→ Data for review
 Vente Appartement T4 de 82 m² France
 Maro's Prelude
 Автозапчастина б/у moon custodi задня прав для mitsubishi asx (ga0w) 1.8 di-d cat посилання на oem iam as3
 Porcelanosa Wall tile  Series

* * *

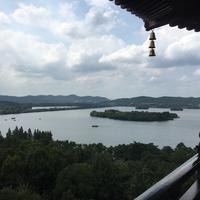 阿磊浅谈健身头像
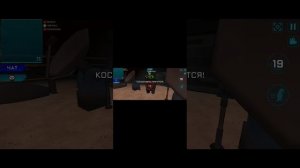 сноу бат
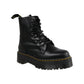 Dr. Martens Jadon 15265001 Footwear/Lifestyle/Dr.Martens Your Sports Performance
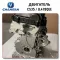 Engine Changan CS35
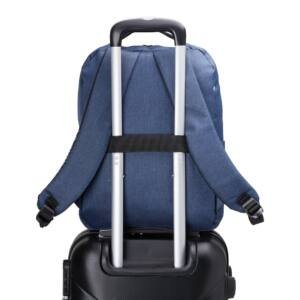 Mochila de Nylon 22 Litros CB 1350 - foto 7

→ Work request
Nothing but the lines from the one containing "Dr. Martens Jadon" through the one containing "Mochila de Nylon 22 Litros CB 1350 - foto 7" should appear, copied exactly from the material above and without pictures.

→ Response to this exercise
 Dr. Martens Jadon 15265001 Footwear/Lifestyle/Dr.Martens Your Sports Performance
 Engine Changan CS35
 Mochila de Nylon 22 Litros CB 1350 - foto 7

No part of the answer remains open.